Fifteen high school students from across the United States will travel to Jordan this summer for two months of intensive language instruction and cross-cultural learning under the auspices of the "Journey to Jordan" initiative organized by the University of Wisconsin-Green Bay.
It is the fourth consecutive year UW-Green Bay will offer the program through a grant from the U.S. State Department's Bureau of Educational and Cultural Affairs.
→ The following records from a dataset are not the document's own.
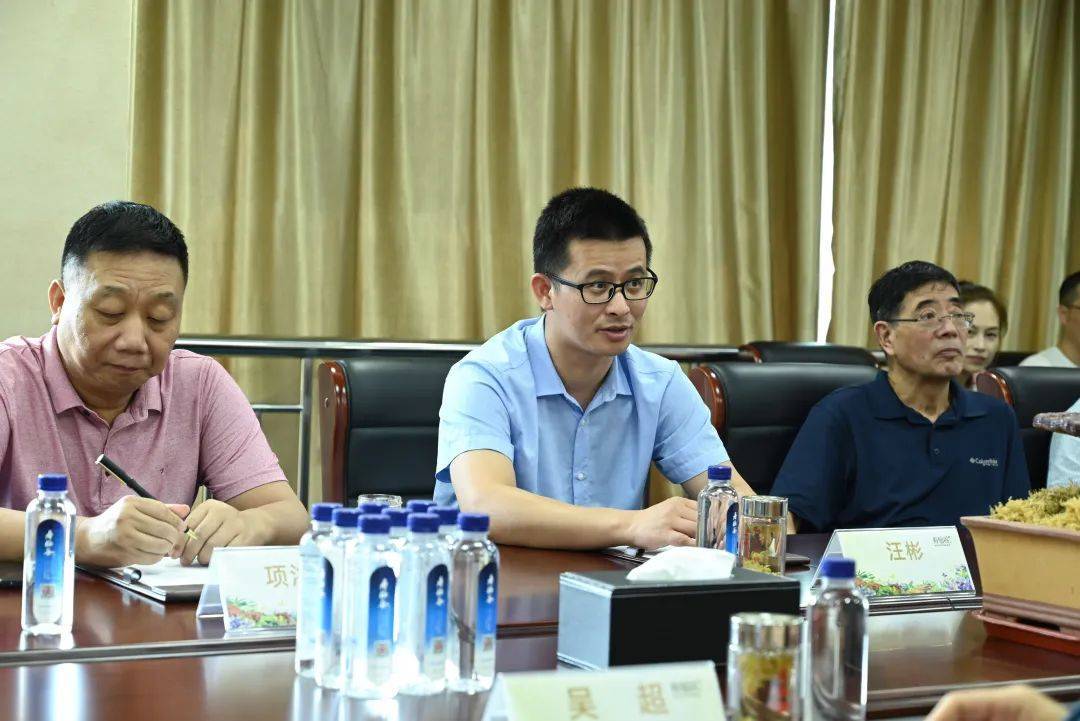 寿仙谷公司总经理李振宇,寿仙谷济世健康总经理吴超等向汪彬一行详细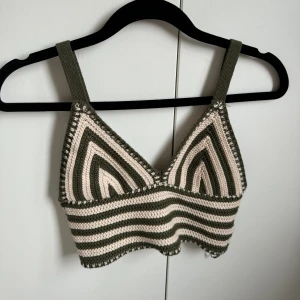 Topp stradivarius - Så snygg och somrig topp som passar perfekt till stranden, nyskick. Virkad, fina färger  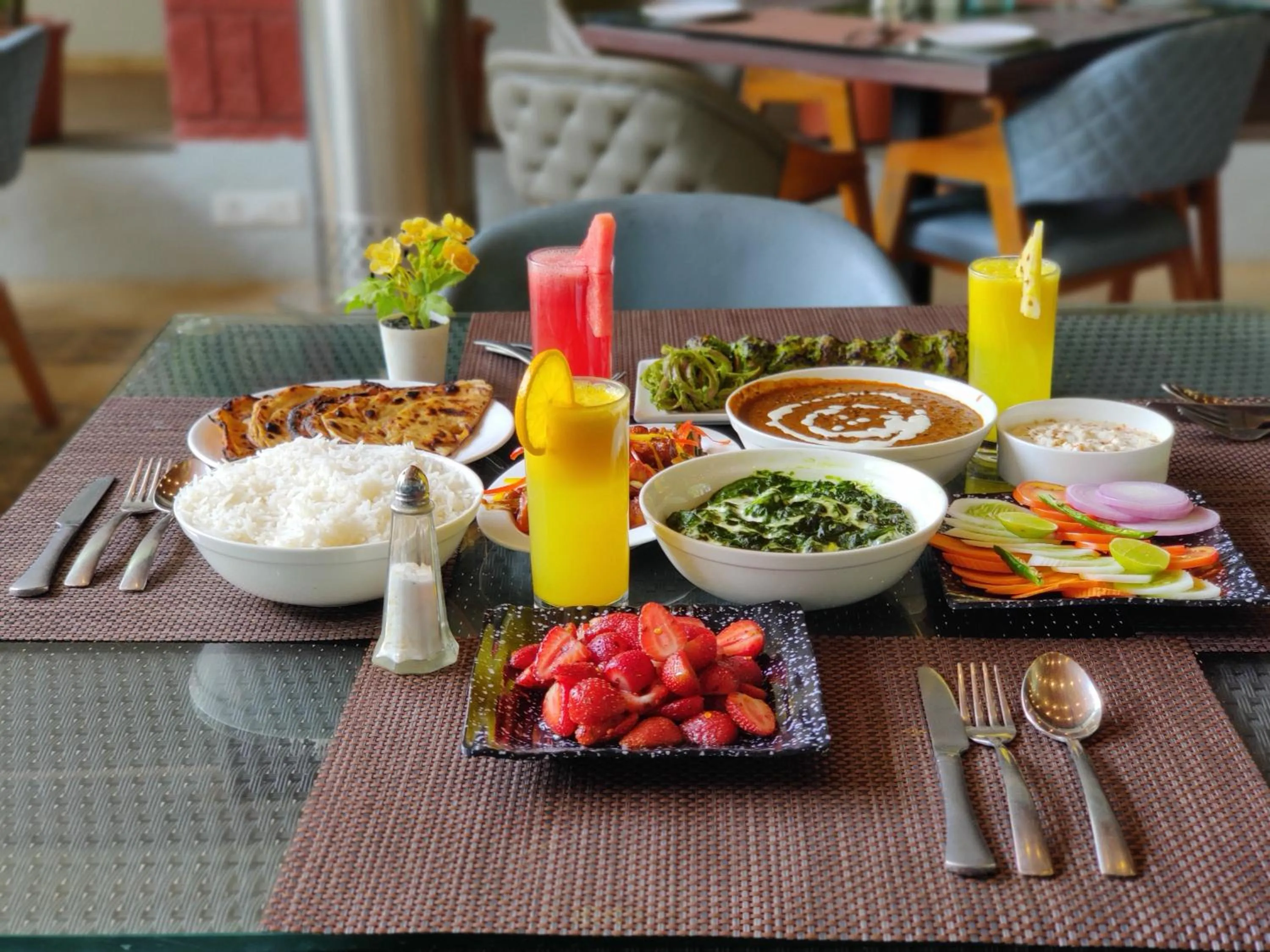 Food and drinks in Chambers Mahabaleshwar, A Club Mahindra Associate Resort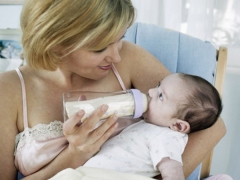 Hoe voed je een pasgeboren baby?
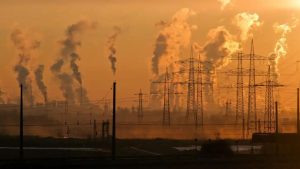 A COP 28, 28ª conferência do clima da Organização das Nações Unidas (ONU), terminou nesta quarta-feira (13) sem medidas concretas sobre o que será feito para substituir o uso dos combustíveis fósseis nos sistemas energéticos.
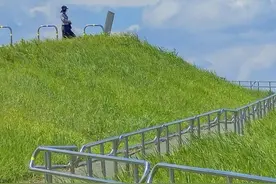 “总有人间一两风，填我十万八千梦”那些有关风的宝藏句子图片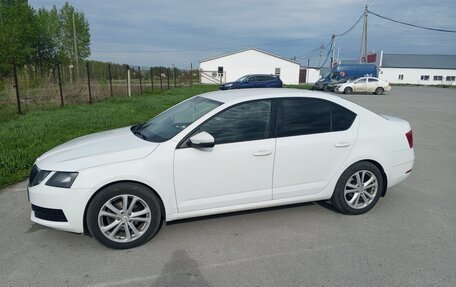 Skoda Octavia, 2017 год, 1 240 000 рублей, 3 фотография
This year's grant is $138,000.
Jay Harris, a UW-Green Bay staff member who coordinates "Journey to Jordan," points to Barack Obama's much-anticipated "Muslim world" speech in Cairo, Egypt on June 4 — in which the president is expected to convey interest in improving relations with Arabs in the Middle East and with Muslims worldwide — as evidence of the program's timeliness.
"Our program is very much a direct extension of U.S. foreign policy," Harris says.
The program is funded through money allocated by Congress to the National Security Language Initiative. The goal is to increase the number of Americans learning foreign languages in order to better engage foreign governments and peoples, especially in critical regions, and to encourage reform, promote understanding, convey respect for other cultures and provide others an opportunity to learn more about America and its citizens.
Teenagers from thirteen states were selected for the summer 2009 trip on the basis of academic performance, personal essays describing their interest in cross-cultural learning and Arabic, letters of recommendation from teachers and community leaders, and telephone interviews. (See list of student participants below.)
The "Journey to Jordan" program begins and ends in Washington, D.C., including briefings at the State Department and the Embassy of Jordan, meetings with Middle East experts, non-governmental organizations active in the region, presentations on using Arabic in careers, and tours of national monuments and museums. The program was first conducted in summer 2006 for 14 students with a pilot grant from the State Department.
"State liked what we did then," says Harris. "As a result, our proposal for twenty students was selected in 2007 over several major competitors on the national scene, then for twenty-five students in 2008. We had to compete for it once again and won, but as with everything this year, the funding has been reduced."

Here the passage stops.